Penso em tudo que me percorreu na quietude dos últimos dias, das últimas semanas, meses, até. O caderno, guardado na mochila, intocado; em casa, assim também tem permanecido sobre a escrivaninha. Não me forço a absolutamente nada: minha escrita também é instintiva, e aceito seu recolhimento tanto quanto sua manifestação. Acho que há muita grandeza em viver as coisas sem dizê-las, ou, ainda, sem nem saber dizê-las de imediato: me torna mais curiosa, mais obstinada. Investigo o que me atravessa, vasculho meu inventário de vivências nomeadas, dou lugar ao que é novo. No princípio era a Palavra, mas antes dela já havia o silêncio. Quando menos espero, ela se materializa em mim - e escrevo.
Eita, eita eita heim.....Fazia tempo que eu não pingava por aqui. É a Vida corrida nos pensamentos. As vezes olho o aviso no email, mas deixo pra depois ler e pimmmmbbbaaa lá se foi mais um post pro passado sem ler. rs... Mais um texto cheio de "deixas", ou spin off's pra falar mais na modinha dos seriados e filmes da atualidade, heim?! Só o "...colher, separar, preparar, compartilhar com os seus..." já mereceria algumas páginas de digitação ou horas de bate papo. Bem, quanto mais envelheço e mais me questiono, mais percebo que o sentido da vida está em "Colher, separar, preparar, compartilhar com os seus". Eu adicionaria mais um verbo a esta frase e ela se encaixaria com perfeição numa sinopse do que entendo ser o enredo de uma vida.

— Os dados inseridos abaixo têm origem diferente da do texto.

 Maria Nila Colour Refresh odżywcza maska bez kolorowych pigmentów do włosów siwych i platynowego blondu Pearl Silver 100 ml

Esse verbo é Plantar. pra começar a colher é preciso plantar. Sem plantio não há colheita. Percebo que na vida sempre estamos colhendo o que plantamos, seja com palavras, sentimentos ou atitudes. Parece até meio lugar comum dizer isso, mas tenho aprendido que esse lugar comum é tão comum que passamos por ele como se passássemos pelo mar sem notar a grandiosidade dele, ou pelo amanhecer sem notar a quantidade de beleza que existe num amanhecer. O lugar comum é "colhemos o que plantamos". E a analogia com as verduras sendo colhidas e imaginando isso sendo feito por vc e sua mãe estatelou em meus pensamentos o "plantamos o que colhemos", simples assim. Difícil compreender isso, mas acredite-me, tudo o que nos faz tristes ou alegres tem relação direta com o que plantamos.... como te explicar isso? Não consigo....é como ser o uma testemunha ocular de algo que só eu vi. Cada um deve buscar testemunhar, e não esperar que algum órgão governamental diga que é verdade. Vai esperar pela eternidade. Estou somente dando uma sugestão de direção!!!!! Ok!?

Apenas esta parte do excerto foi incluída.